(Data block):

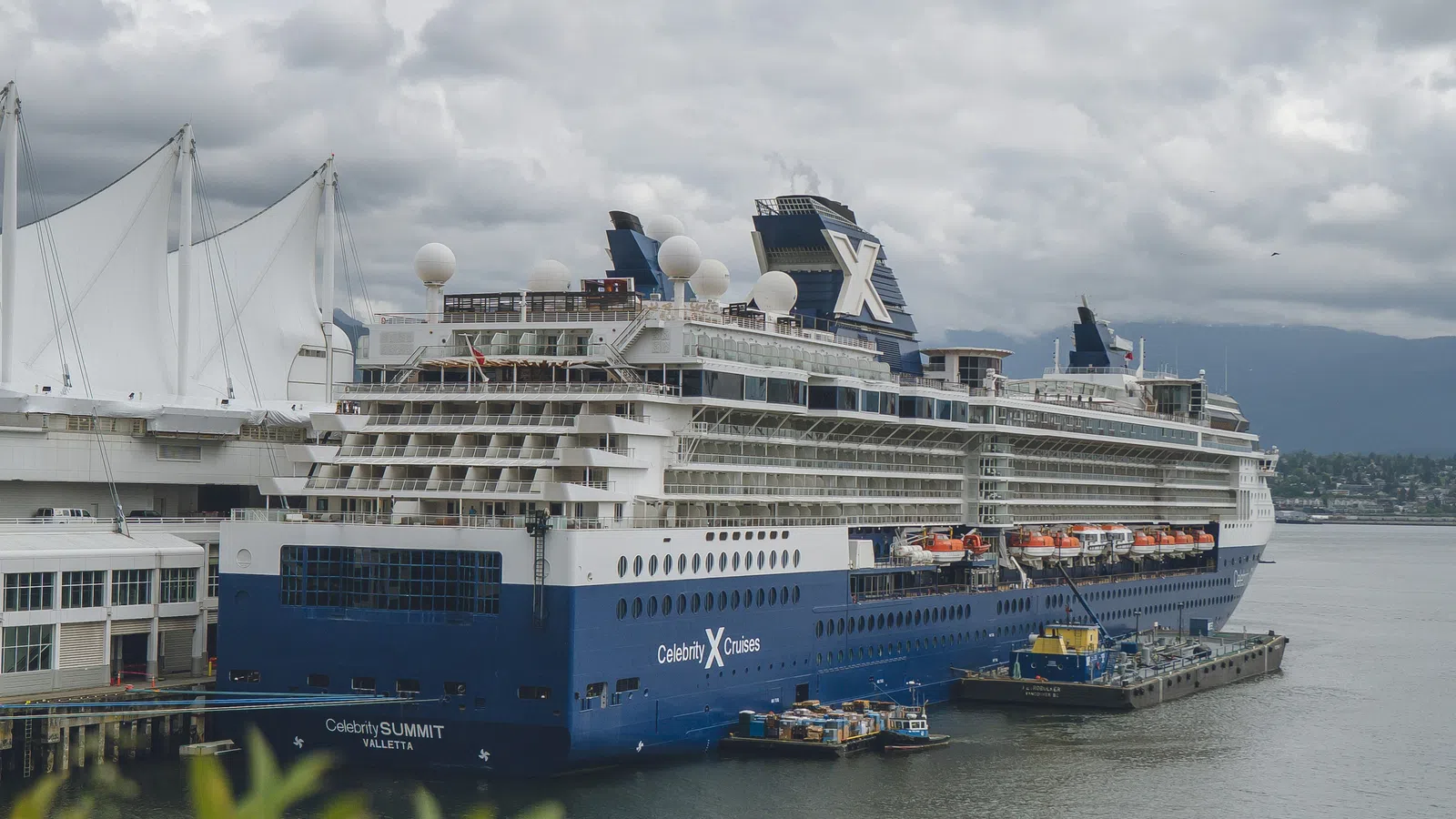 Celebrity Summit cruise ship docked at a port with cloudy sky and green foliage in foreground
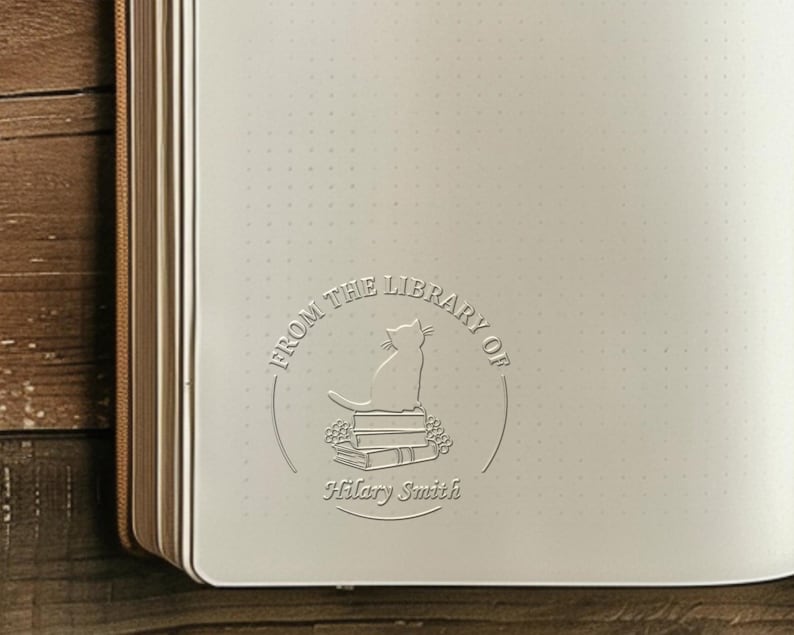 May include: Open journal with a debossed design featuring a cat sitting atop books, surrounded by the text "FROM THE LIBRARY OF" and the name "Hilary Smith". The journal has a dot grid pattern and a brown spine.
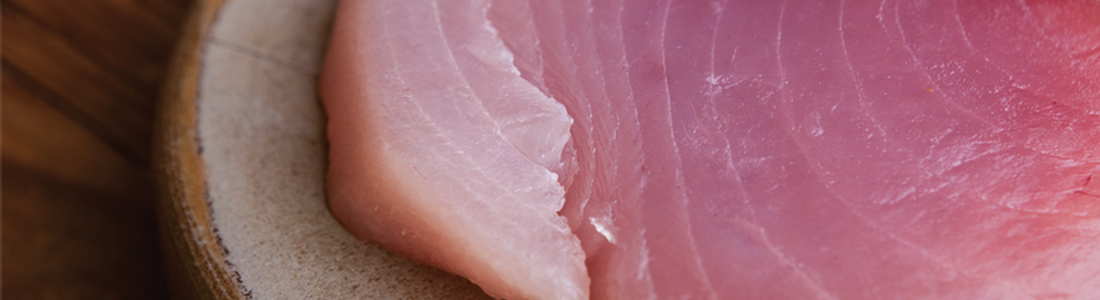 A close up of a piece of meat on a plate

(What you have to do): Could you set down the material above word for word while dropping its pictures?

(Written solution):
 Celebrity Summit cruise ship docked at a port with cloudy sky and green foliage in foreground
 May include: Open journal with a debossed design featuring a cat sitting atop books, surrounded by the text "FROM THE LIBRARY OF" and the name "Hilary Smith". The journal has a dot grid pattern and a brown spine.
 A close up of a piece of meat on a plate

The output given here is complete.